INSTRUCTIONS TO FOLLOW
Skipping any pictures, give all of the records below again exactly.

Stored data
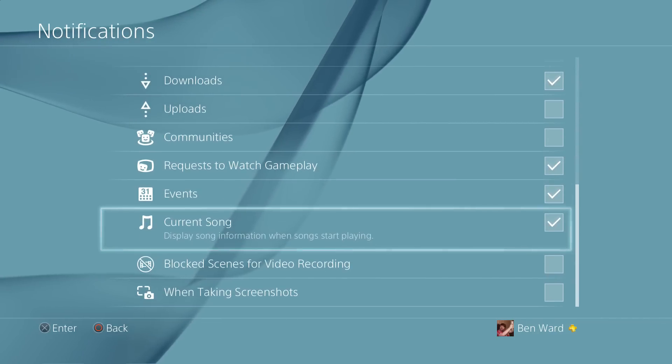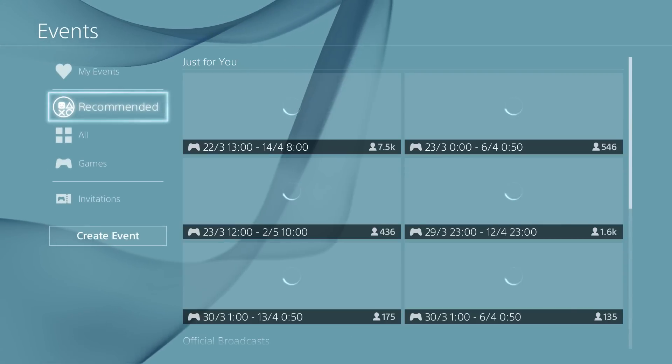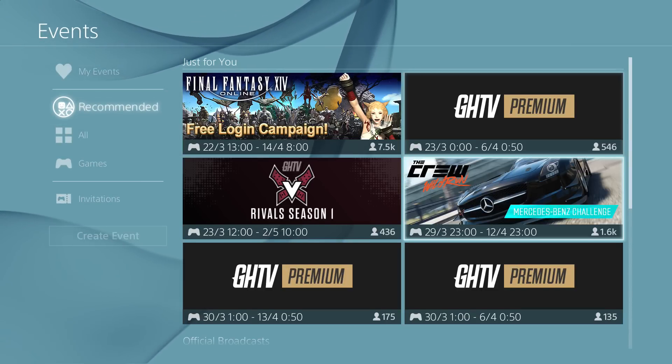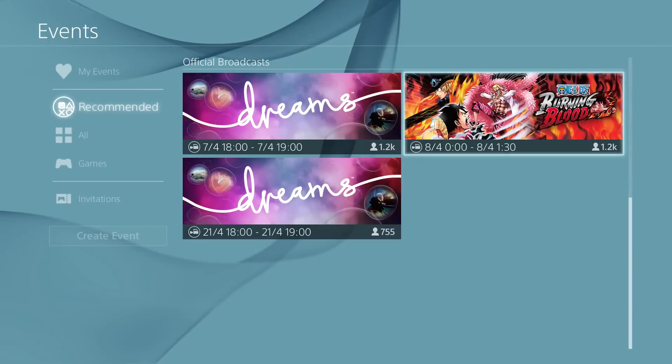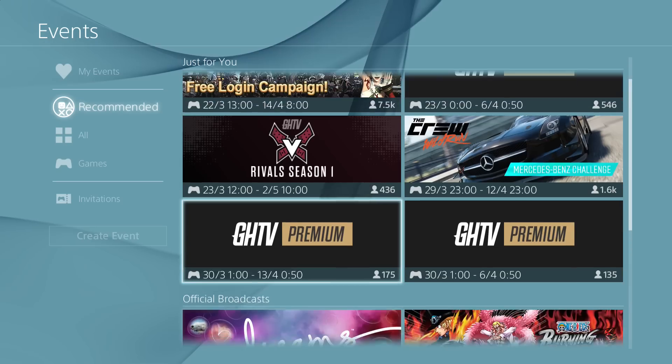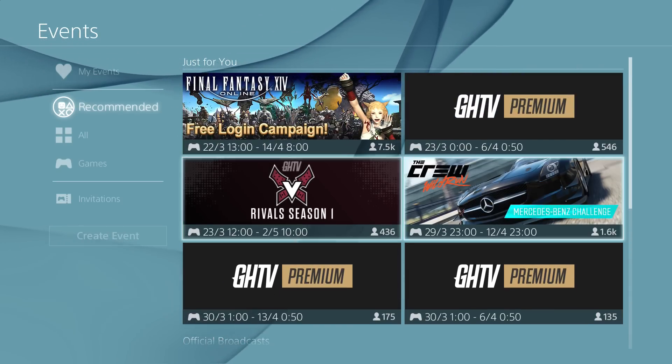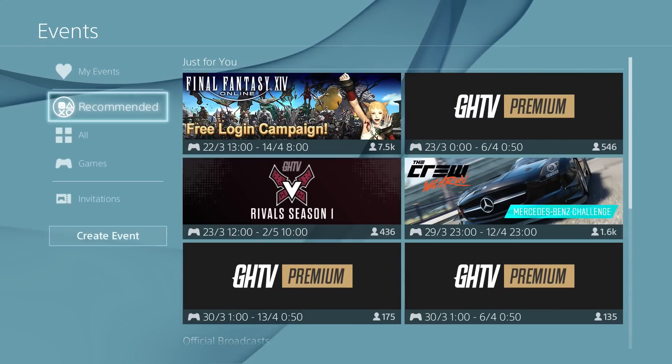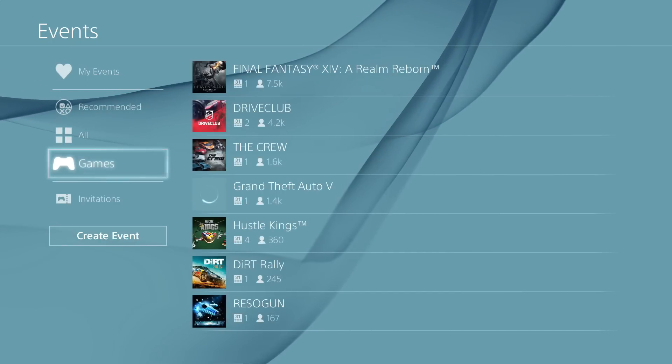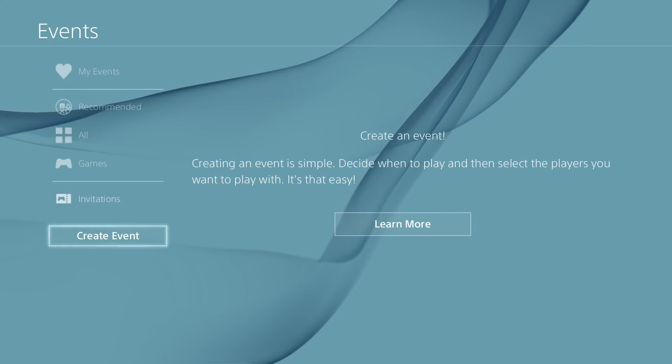Okay, next up we have user created events. Obviously events are one way that we can get people to join up together and enjoy the game that we want to play. This has been available to publishers for quite a while. Obviously here we've got some GHTV ones, we've also got some Final Fantasy ones, but we've also now got the ability to create one yourself.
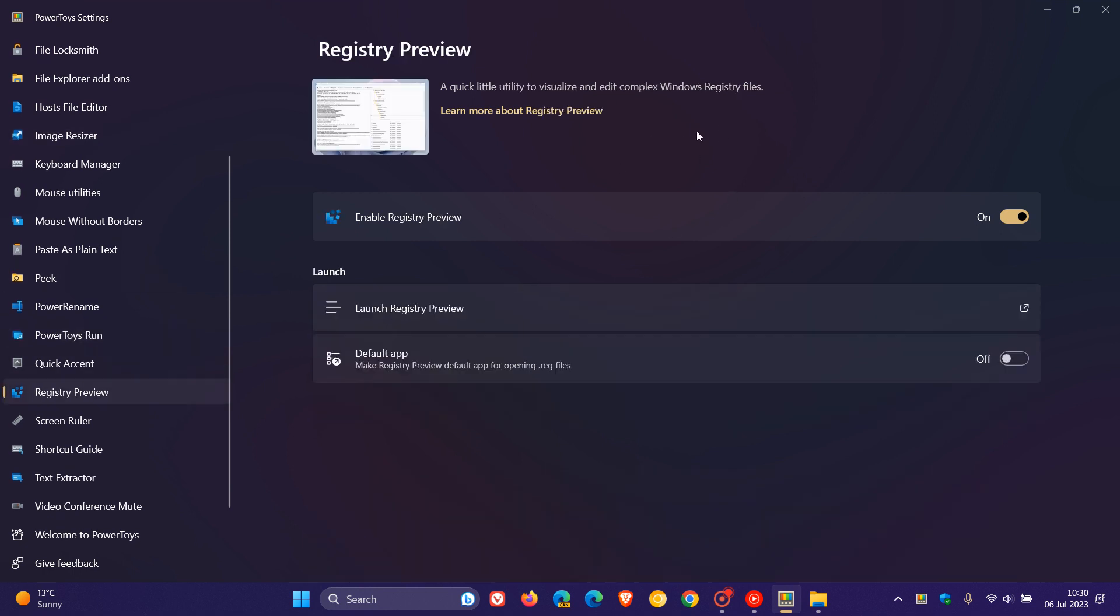Just to let you know that Microsoft has added a setting to set Registry Preview as the default app for opening .reg files. Here we go, default app, make registry preview default app for opening .reg files. With that toggled on now, obviously it opens up .reg files as the default app.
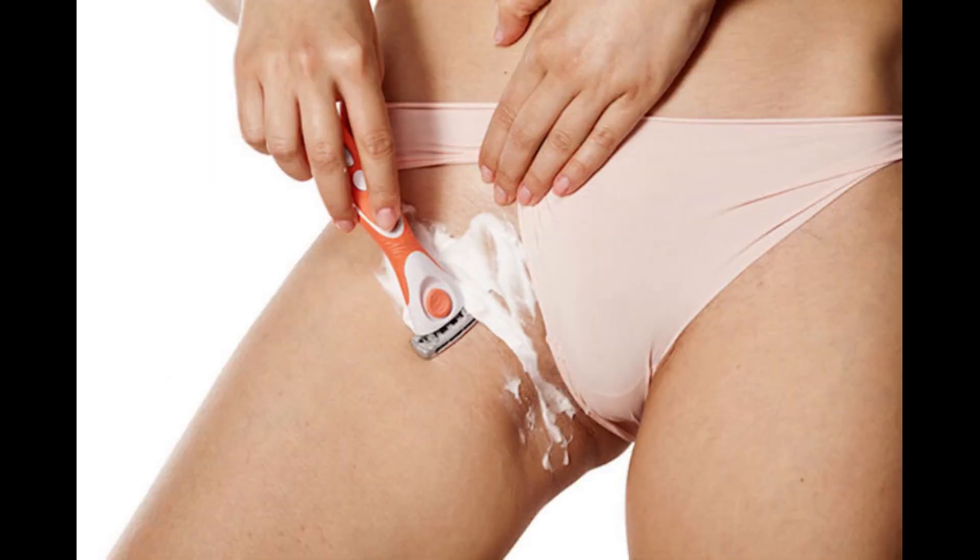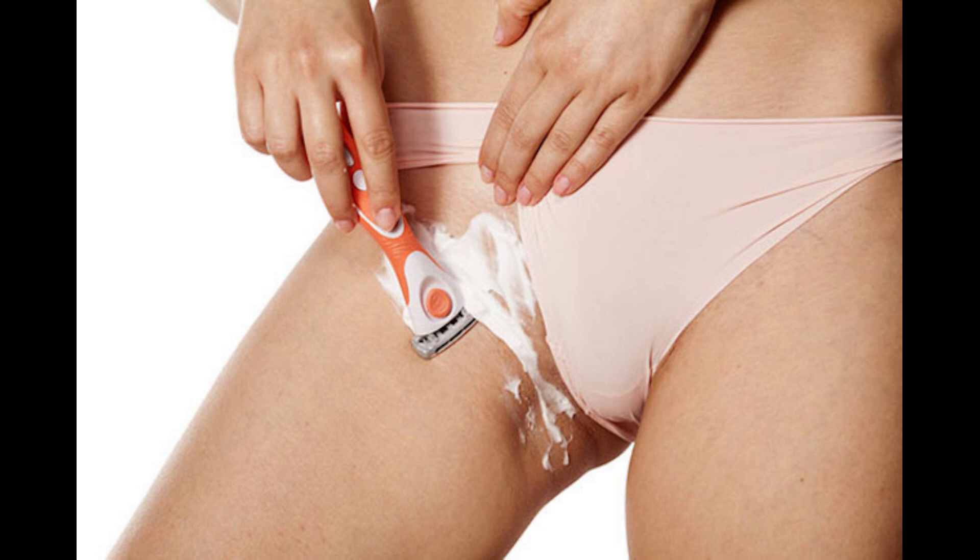If you shave around your pubic area, chances are you might develop a boil at some point in the future, if you do not already have one developing. A boil on or around the pubic area is not only painful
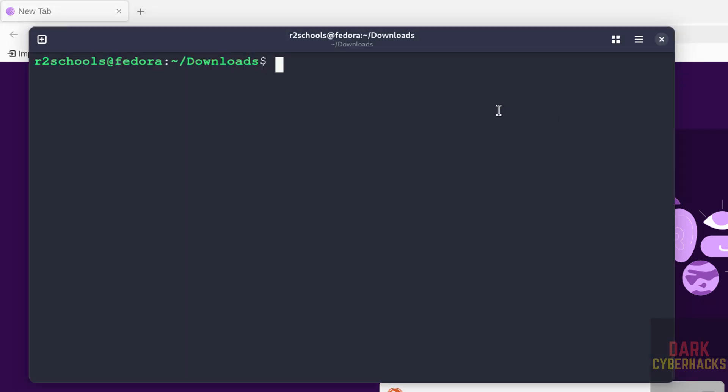So in this video we have seen how to download and install Tor browser on Fedora Linux operating system. For more videos, please subscribe to my channel. Thank you.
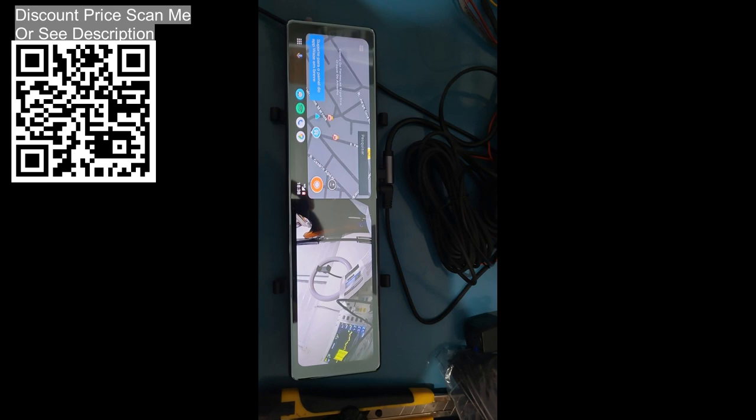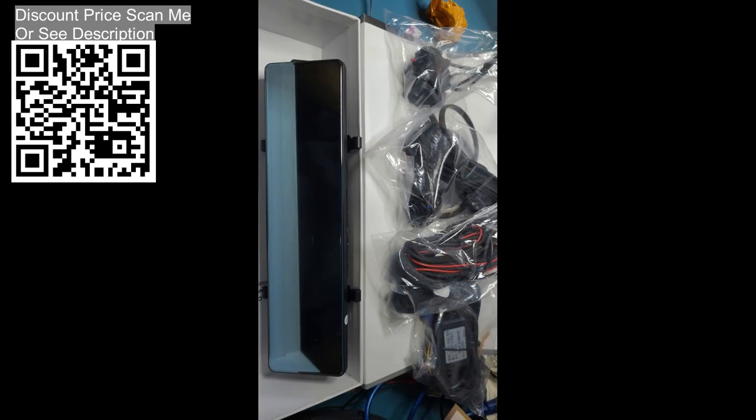Obpia K1 3 cameras dash cam, CarPlay and Android Auto rearview mirror video recording, unboxing from AliExpress.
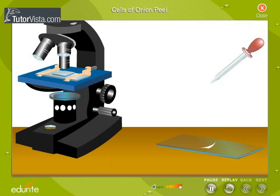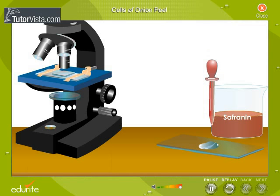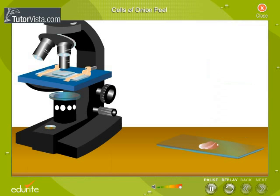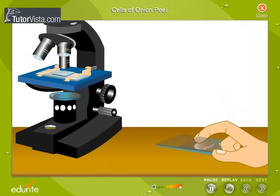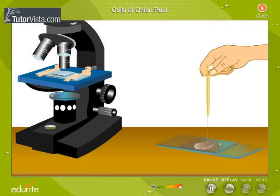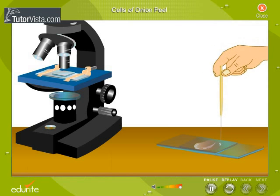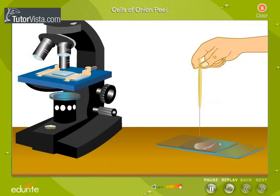Put a drop of water on it and then add a drop of saffranin. Cover it with a cover slip. Tap the cover slip with a needle gently to remove any air bubbles.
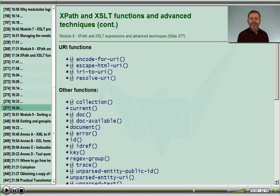And finally, functions that help us format URI strings, access XML and non-XML documents, access the key nodes we've identified, and work with unparsed entity declarations.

ANSWER TO THIS PROBLEM
Okay, next up we have user created events. Obviously events are one way that we can get people to join up together and enjoy the game that we want to play. This has been available to publishers for quite a while. Obviously here we've got some GHTV ones, we've also got some Final Fantasy ones, but we've also now got the ability to create one yourself.
Just to let you know that Microsoft has added a setting to set Registry Preview as the default app for opening .reg files. Here we go, default app, make registry preview default app for opening .reg files. With that toggled on now, obviously it opens up .reg files as the default app.
If you shave around your pubic area, chances are you might develop a boil at some point in the future, if you do not already have one developing. A boil on or around the pubic area is not only painful
So in this video we have seen how to download and install Tor browser on Fedora Linux operating system. For more videos, please subscribe to my channel. Thank you.
Obpia K1 3 cameras dash cam, CarPlay and Android Auto rearview mirror video recording, unboxing from AliExpress.
Put a drop of water on it and then add a drop of saffranin. Cover it with a cover slip. Tap the cover slip with a needle gently to remove any air bubbles.
And finally, functions that help us format URI strings, access XML and non-XML documents, access the key nodes we've identified, and work with unparsed entity declarations.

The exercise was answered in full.